◆ Exercise brief
The expected output is an exact copy of the lines from the one containing "New Balance 9060 'Earth Shadow Flat Taupe'" to the final line below, minus any pictures.

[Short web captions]

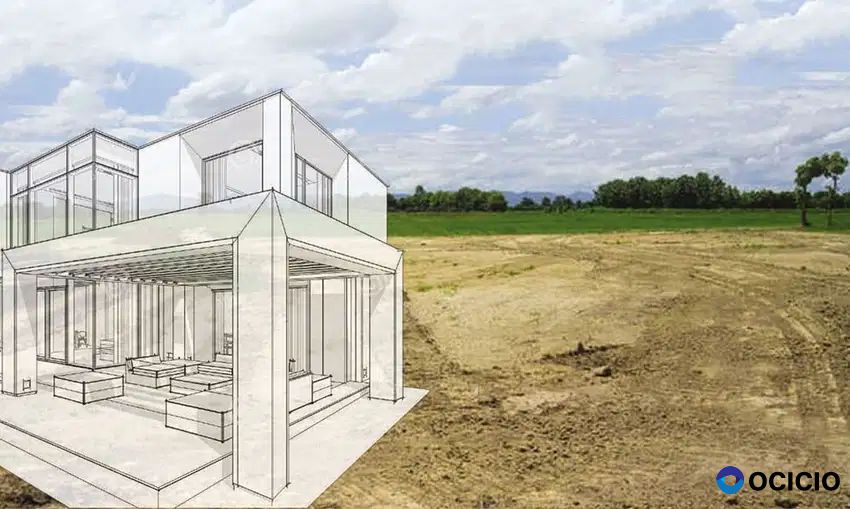 Daru Metropolis Cluster Helsinki Tipe Kavling 60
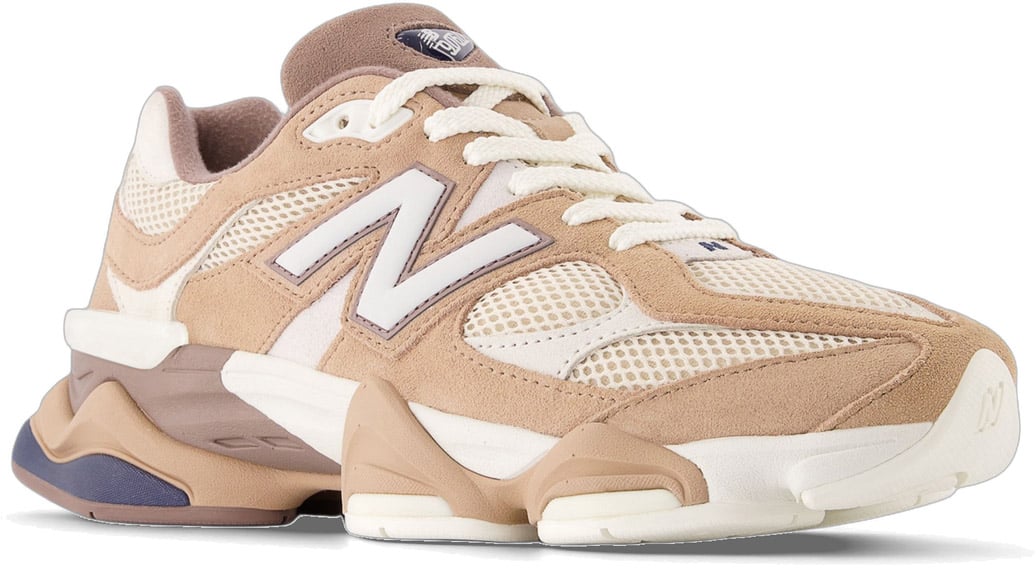 New Balance 9060 'Earth Shadow Flat Taupe'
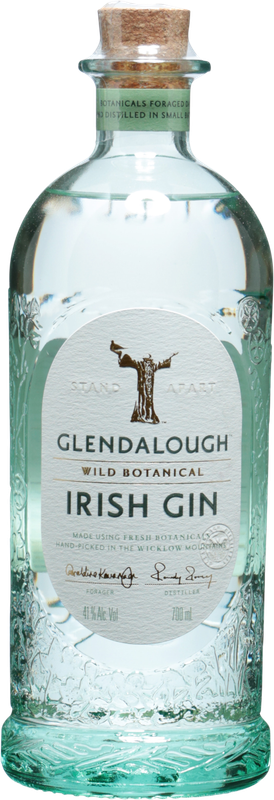 GLENDALOUGH Wild Gin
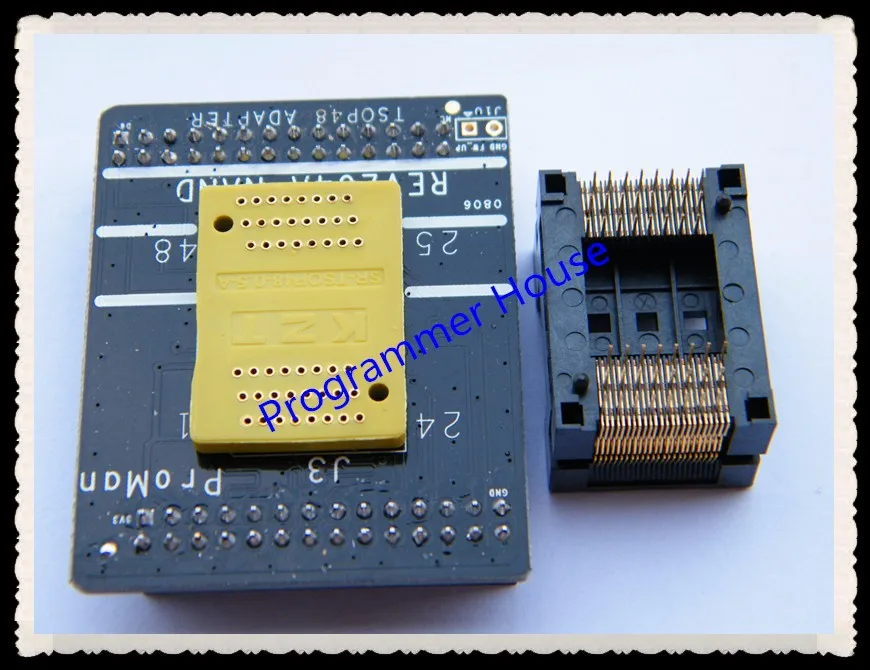 Proman tl86_Plus Профессиональный nand nor программист инструмент для ремонта копия NAND FLASH восстановление данных+ TSOP48& 56 TSOP56+ v1.8 адаптер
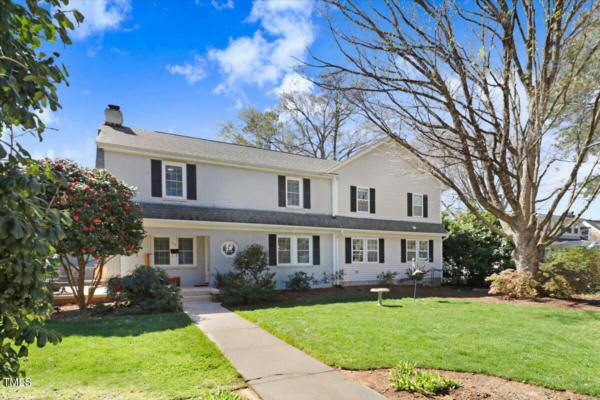 2501 STAFFORD AVE, RALEIGH, NC 27607 - Image 1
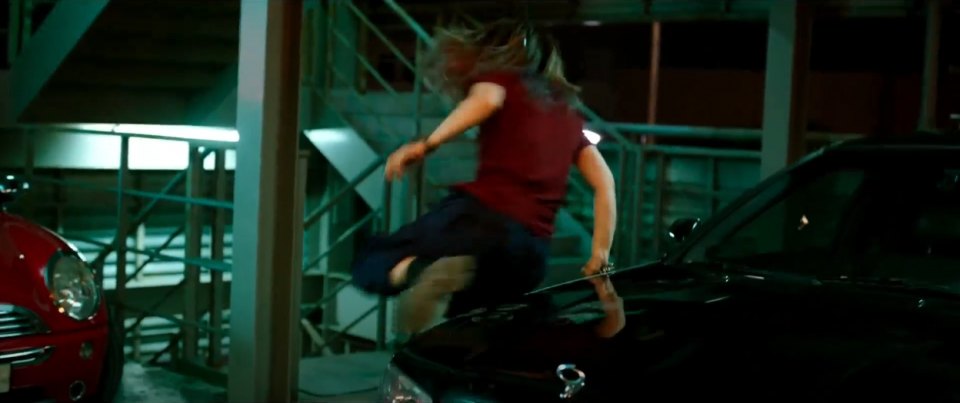 2001 MINI Cooper [R50]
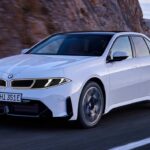 Nouvelle BMW i3 en vente dès maintenant : la Série 3 électrique enfin prête à affronter la Tesla Model 3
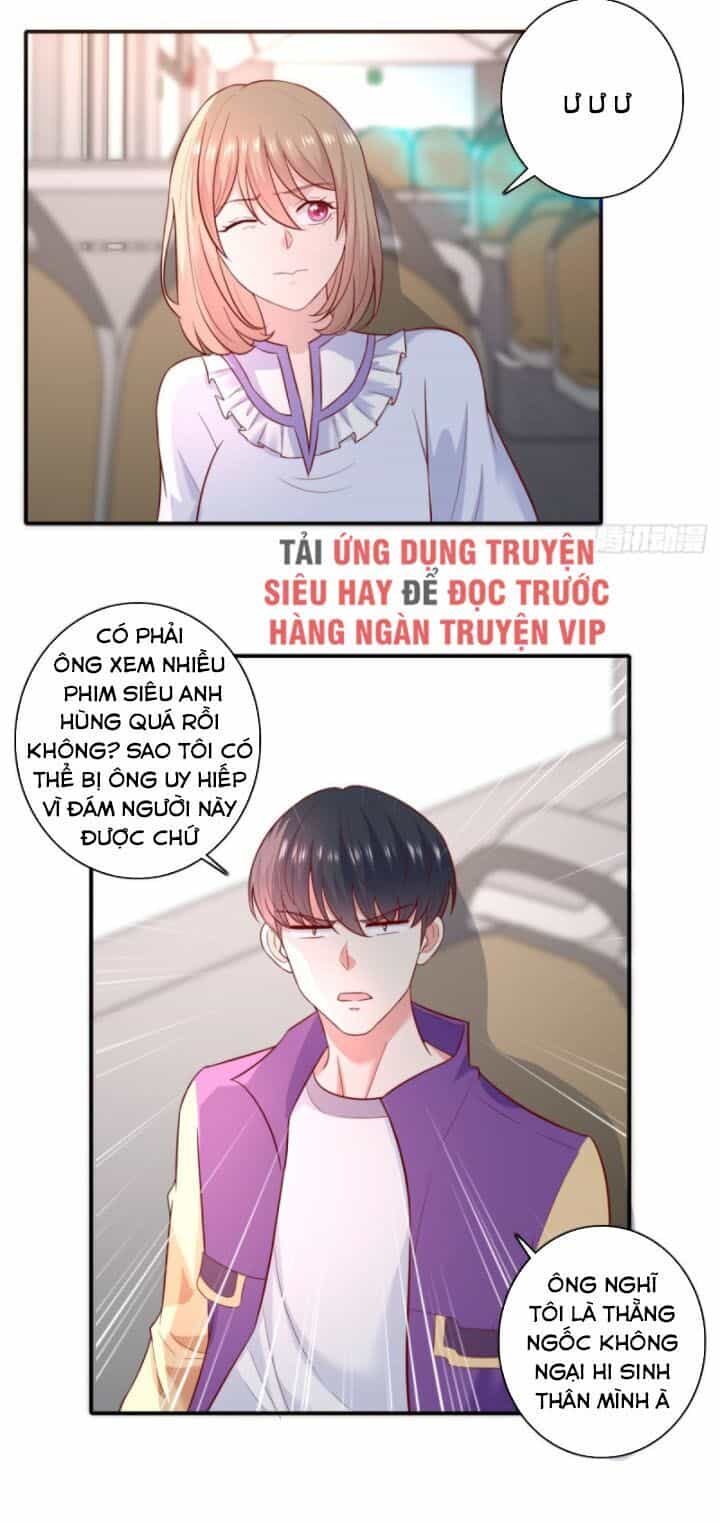 Trọng Sinh Chi Thần Đế Trở Về - Chương 35 - ảnh 8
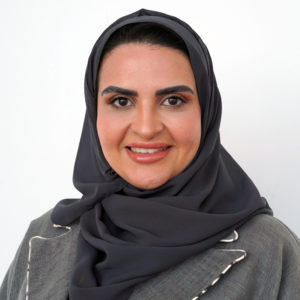 Sara Al Shurooqi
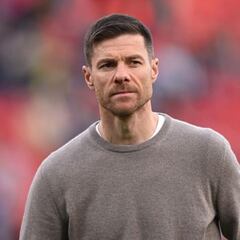 El inesperado reto de Xabi Alonso en su vuelta al Real Madrid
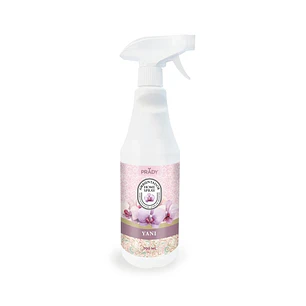 Prady Ambientador Home Spray Yani - Frasco de 700 ml - Spray Pulverizador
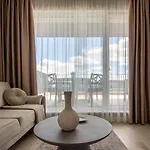 Fresh Wave Apartamentai Kunigiskese Mano Jura 2 Appartamento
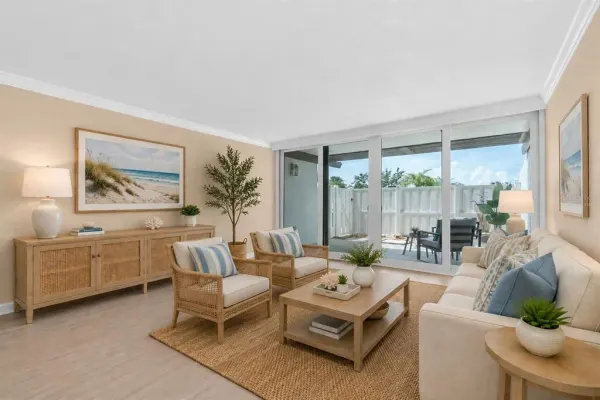 450 Treasure Island Causeway, Unit 102, Treasure Island, FL, 33706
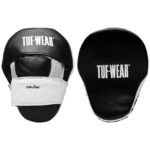 Tuf Wear Cruise Curved Focus Pads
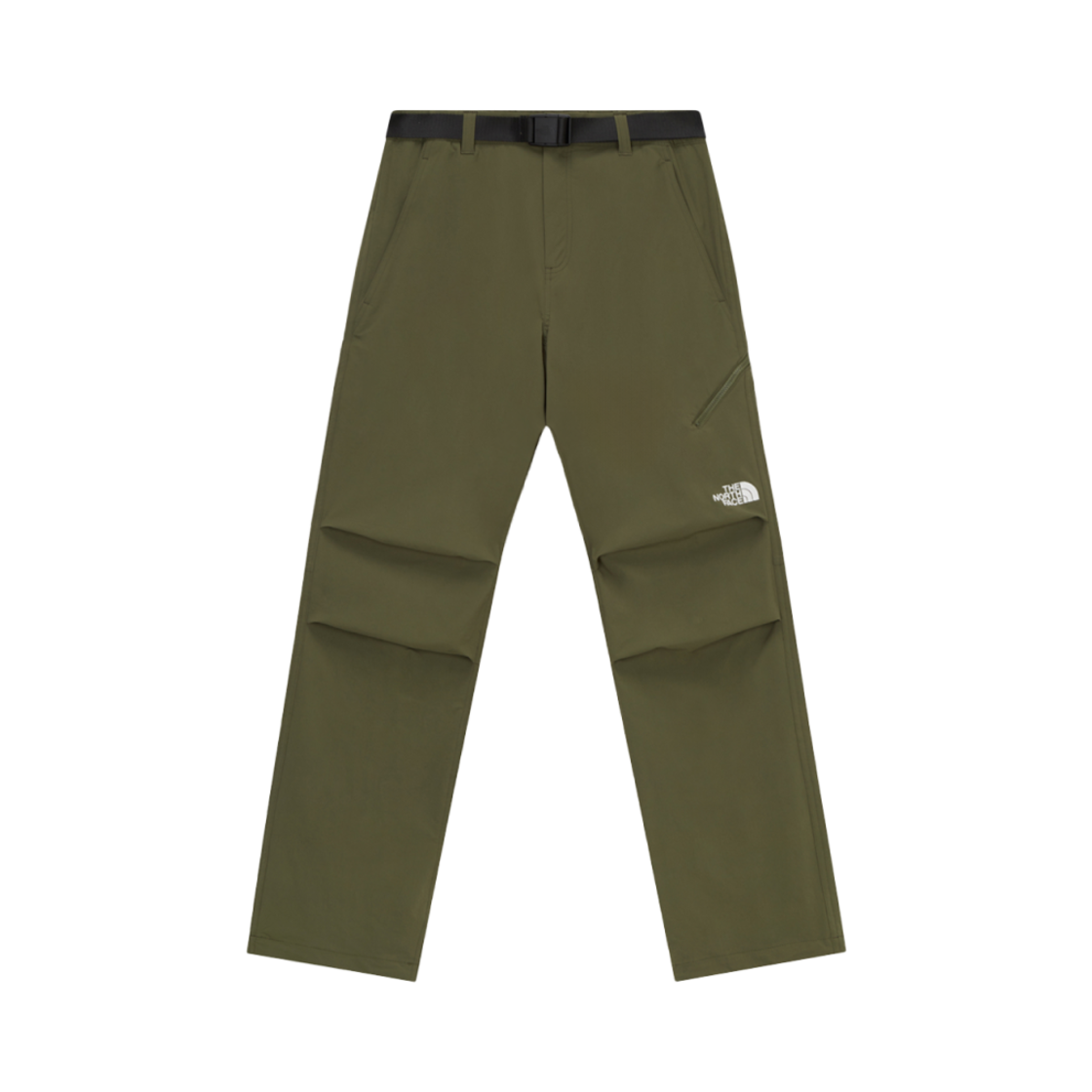 NP6NQ51C The North Face Axis Pants Khaki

◆ Result for this exercise
 New Balance 9060 'Earth Shadow Flat Taupe'
 GLENDALOUGH Wild Gin
 Proman tl86_Plus Профессиональный nand nor программист инструмент для ремонта копия NAND FLASH восстановление данных+ TSOP48& 56 TSOP56+ v1.8 адаптер
 2501 STAFFORD AVE, RALEIGH, NC 27607 - Image 1
 2001 MINI Cooper [R50]
 Nouvelle BMW i3 en vente dès maintenant : la Série 3 électrique enfin prête à affronter la Tesla Model 3
 Trọng Sinh Chi Thần Đế Trở Về - Chương 35 - ảnh 8
 Sara Al Shurooqi
 El inesperado reto de Xabi Alonso en su vuelta al Real Madrid
 Prady Ambientador Home Spray Yani - Frasco de 700 ml - Spray Pulverizador
 Fresh Wave Apartamentai Kunigiskese Mano Jura 2 Appartamento
 450 Treasure Island Causeway, Unit 102, Treasure Island, FL, 33706
 Tuf Wear Cruise Curved Focus Pads
 NP6NQ51C The North Face Axis Pants Khaki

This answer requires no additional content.